Ajami
2009

Ajami est un quartier de Jaffa où cohabitent Juifs, Musulmans et Chrétiens.

Le jeune Nasri, âgé de 13 ans crayonne une bande dessinée. Il se souvient. Il a vu soudainement son voisin du même âge être abattu par un gang en moto. C'est son grand frère Omar qui était visé. Leur oncle à Ramleh a en effet tiré sur un membre important d'un autre clan, le bédouin Abul Zen venu chercher l'argent de la protection. Le clan cherche à se venger et Nasri s'en va avec sa soeur pour Jérusalem. Il a confiance dans son grand frère, Omar, qui tente de trouver une solution pour réparer ce drame.

Chapitre un. Omar, avec son ami Shata, va voir Khamis dans le quartier de Dahmash à Lod pour chercher un revolver. Anan le conduit ensuite chez Abu Elias qui connaissait son père, Samih le menuisier, et qui promet de l'aider.

Deux jours plus tard Omar et sa mère viennent chez Abu Elias. C'est Hadir la fille de Abu Elias qui les reçoit. Celui-ci arrive et leur déclare qu'il a négocié avec un chef musulman, Haj Krayem qui accepte de les prendre sous sa protection. Il demande 2 000 dinars pour une trêve de trois jours. L'argent est la seule solution pour ne pas se venger en tuant toute la famille.

Nasri revient de son exil et, avec Omar, ils s'en vont dans un village bédouin du sud d'Israël. La négociation est la suivante : 3 000 dinars pour trois premiers jours puis 500 dinars x 37 jours, 100 chameaux, 100 000 dinars moins un tiers, moins un tiers plus 7000 pour Allah soit 47 000 dinars en tout, répartis en 42 000 pour les victimes et 5 000 pour Allah. Finalement la dette est ramenée à 38 000 puis, après embrassades à 35 000 dinars.

Après ces quinze jours de souffrances Nasri dessine donc sa bande dessinée. Il s'entraîne au tir avec Omar et Shata. A épuisement des quarante-cinq jours, la dette doublera pour atteindre 80 000 dinars et il n'est pas question de déménager comme l'espère sa mère. Pourtant après vingt jours il n'a récolté que 2 700 Shekel avec ses vols d'auto radio et son arnaque à l'essence. De plus Shata refuse qu'il devienne dealer. Nasri est inquiet.
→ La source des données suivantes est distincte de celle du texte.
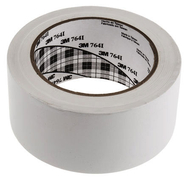 Лента сигнално-маркировъчна 3M полиетиленова за подове  бяла, 50мм х 33м, 7641 - product - 058 FNA 246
Chapitre deux. Malek, 16 ans, quitte Naplouse en territoires palestiniens avec un mini bus de clandestins. Ceux ci franchissent à pied la frontière avec Israël, avant de reprendre le mini bus qui les conduit dans la banlieue sud de Tel Aviv à Jaffa, quartier d'Ajami. Malek retrouve Omar qui travaille comme livreur avec Anan dans le restaurant de Abu Elias. Plus tard Malek s'inquiète de ne pas voir Benj dont le frère a des ennuis avec la police. Mais Abu Elias lui a fait la surprise de fêter son anniversaire. Il peut voir sa mère dans un hôpital israélien en vidéo.

Plus tard, un soir, Malek ne peut faire admettre un clandestin palestinien chez Abu Elias. Celui-ci l'informe que sa mère est rentrée chez elle et qu'il faudra 75 000 dollars pour procurer à sa mère la greffe de moelle osseuse dont elle a besoin. Le gouvernement palestinien fournira 25 000 dollars et lui tentera de donner le restant.
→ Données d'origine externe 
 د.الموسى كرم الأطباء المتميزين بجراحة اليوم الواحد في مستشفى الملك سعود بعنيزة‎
Le soir Malek se rend chez Binj où est Omar et son ami Shata. A cinq heures, il s'est endormi et voit Benj manier de la cocaïne : 200 Grames 150 000 shekels qu'il cache dans une enceinte. En partant, il se cache car il entend parler hébreu, Il voit trois israéliens entrer chez lui.
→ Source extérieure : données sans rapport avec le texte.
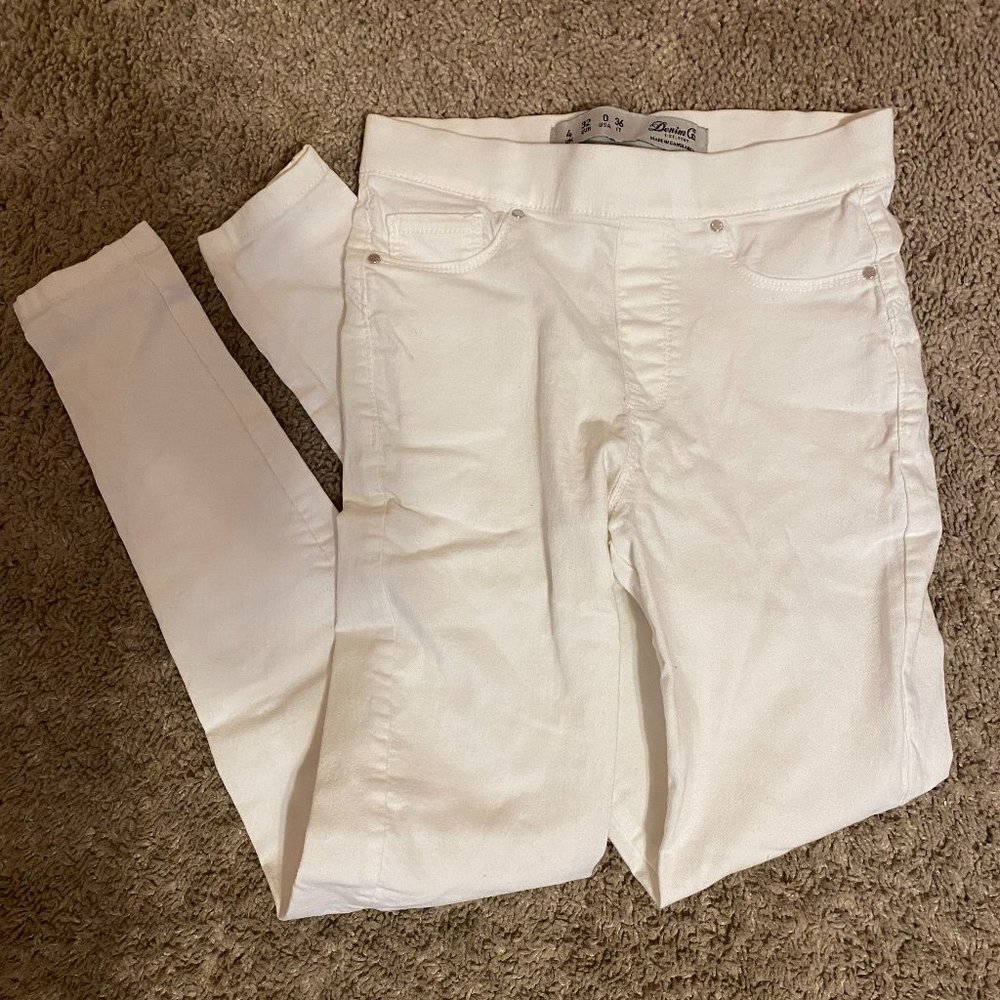 white jeans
A neuf heures, Anan réveille Malek qui lui présente le cadeau pour Abu Elias : une montre. Anan trouve qu'elle ressemble à celle de sa mère et conseille à Malek d'acheter un autre cadeau.

Anan le fait rentrer quand deux passants annoncent que Benj a été tué. Omar vient le lui dire. Malek lui révèle alors que ce sont trois juifs qui l'ont tué pour une affaire de drogue. Malek emmène Omar chez Benj. Ils récupèrent la drogue et Omar décide de la vendre.

Le jour du rendez- vous ce n'est pas de la drogue qui se trouve dans le paquet et Dando abat Malek.

Chapitre trois. Quartier d'Ajami à Jaffa. Une dispute entre deux voisins, juif et arabe, dégénère, l'Arabe poignarde le Juif. Dando arrive sur les lieux. Dans le quartier juif orthodoxe, Dando et sa mère collent des affiches. Dans un petit village juif à l'Est de Tel-Aviv, Dando va voir sa mère et parle de la disparition de son frère.

Dando patrouille quartier arabe. Il tente d'arrêter le dealer, Salam Abed. Chez sa soeur, il apprend qu'à Zêta, au sud de Naplouse, un soldat israélien a été enterré. C'est bien Yoni, le frère de Dando.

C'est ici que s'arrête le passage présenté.